If the 14a-2(b)(1) exemption is not available, proxy firms may look to Exchange Act Rule 14a-2(b)(3), which provides an exemption for the provision of proxy voting advice to a person with whom a business relationship exists if the advising person (1) “gives financial advice in the ordinary course of business,” (2) “discloses to the recipient... any significant relationship with the [issuer] or any of its affiliates, or a security holder proponent of the matter on which advice is given, as well as any material interests of the person in such matter,” (3) “receives no special commission or remuneration for furnishing the advice from any person other than the recipient of the advice and others who receive similar advice” and (4) “does not furnish advice on behalf of any person soliciting proxies or on behalf of a participant in a contested election.” The Bulletin’s guidance focuses primarily on the second prong of the exemption – evaluation and disclosure of conflicts of interest. The Staff highlights the following principles:

  • Whether a relationship is “significant” or what constitutes a “material interest” will depend on the facts and circumstances, but a proxy advisory firm “would likely consider” (1) the type of service being offered to the issuer or security holder proponent, (2) the amount of compensation that the proxy advisory firm receives for those services and (3) the extent to which the advice given to the firm’s advisory client relates to the same subject matter as the transaction giving rise to the relationship with the issuer or security holder proponent.
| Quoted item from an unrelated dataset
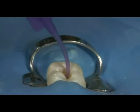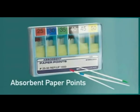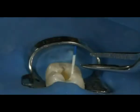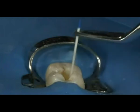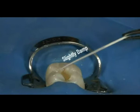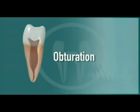Evacuate one last time with the lure vacuum adapter to remove the Consepsis from the canal, and blot out the canals using 1-2 paper points. Because we will be sealing the canal with EndoRes, it is not necessary to desiccate the canal. Leaving the canal slightly damp will provide the best environment for EndoRes to penetrate into the tubules. We are now ready to move on to the obturation portion of the procedure.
A “significant relationship” or “material interest” would exist if “knowledge of the relationship or interest would reasonably be expected to affect the recipient’s assessment of the reliability and objectivity of the advisor and the advice.”
  • Boilerplate disclosure that conflicts may or may not exist will not suffice. Rather, the Staff believes that “disclosure should enable the recipient to understand the nature and scope of the relationship or interest, including the steps taken, if any, to mitigate the conflict, and provide sufficient information to allow the recipient to make an assessment about the reliability or objectivity of the recommendation.”
  • Advisory firms must voluntarily disclose conflicts without request at or about the same time the client receives the advice, either publicly or directly to the client, in a manner allowing the client to “assess both the advice provided and the nature and scope of the disclosed relationship or interest.”

Conclusion

The interpretive guidance does not address several of the common complaints about proxy advisory firms, including the inability of most companies to obtain draft reports from ISS, the quality of proxy advisory firm analyses and the refusal to make public the underlying methodologies on which the proxy advisory firms rely. Still, the Bulletin should promote more robust disclosure by proxy advisory firms and greater diligence by and autonomy of investment advisers relying on proxy advisory services. In the Bulletin, the Staff recognizes that investment advisers and proxy advisory firms may need to modify their current policies and practices, and states that the Staff expects necessary changes will be made “promptly, but in any event in advance of next year’s proxy season.” As a result, the impact of the Bulletin should be seen in the 2015 proxy season.

DISCLAIMER: Because of the generality of this update, the information provided herein may not be applicable in all situations and should not be acted upon without specific legal advice based on particular situations.